The innovative biopharmaceutical industry is firmly committed to conducting pediatric research, and is making great strides against pediatric illnesses. Recent research has provided important new dosing, safety and efficacy information in pediatric populations that is changing the treatment landscape across a range of serious and life-threatening diseases, including:

  • Asthma: Pediatric patients age 6 to 11 now have a therapy option that addresses severe eosinophilic asthma, a complex and challenging condition to treat, which was previously only approved for use in children age 12 and older. This breakthrough is a significant step forward, as asthma is the third-ranking cause of hospitalization among children younger than 15.

  • Type 2 Diabetes: The first non-insulin drug approved to treat type 2 diabetes in pediatric patients is now available. The medicine enhances the incretin system, a natural body system that helps to regulate glucose, and improves blood sugar control.

  • Peanut Allergy: A new oral immunotherapy designed to reduce the incidence and severity of allergic reactions due to accidental peanut exposure is now available for children with peanut allergy. The therapy delivers a controlled daily dose of peanut protein that is gradually increased over months to build tolerance in the immune system’s overreaction to peanuts.

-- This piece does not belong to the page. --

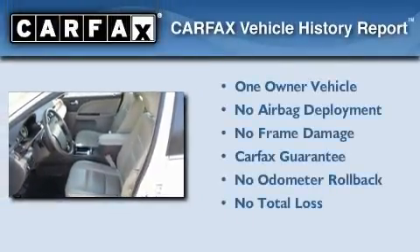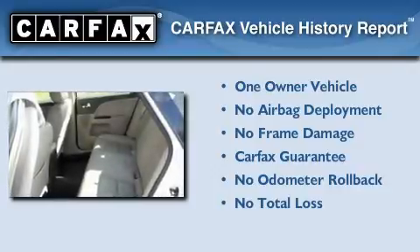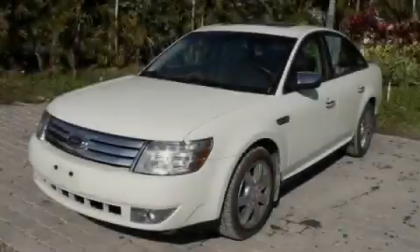This Ford has had only one owner and it qualifies for the Carfax buy-back guarantee. This vehicle is sure to sell fast — call and arrange your test drive today.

  • Rare Genetic Brain Tumor: Children with a rare genetic disorder, tuberous sclerosis complex, now have a treatment option for tumors that occur in the brain. Affecting about 1 in 6,000 newborns, this disease primarily occurs in childhood and this new approval offers a dissolvable dosage form that is easier to take for pediatric patients.
  • Chronic Myelogeneous Leukemia: Additional research revealed that a breakthrough targeted therapy for this rare blood cancer is safe and effective in very young children, offering an important treatment option for physicians to use in treating this rare blood cancer.
  • HIV/AIDS: New combination therapies are now available for pediatric patients, reducing the complexity of treatment for this devastating disease by offering options that can be taken once a day in a fixed-dose pill.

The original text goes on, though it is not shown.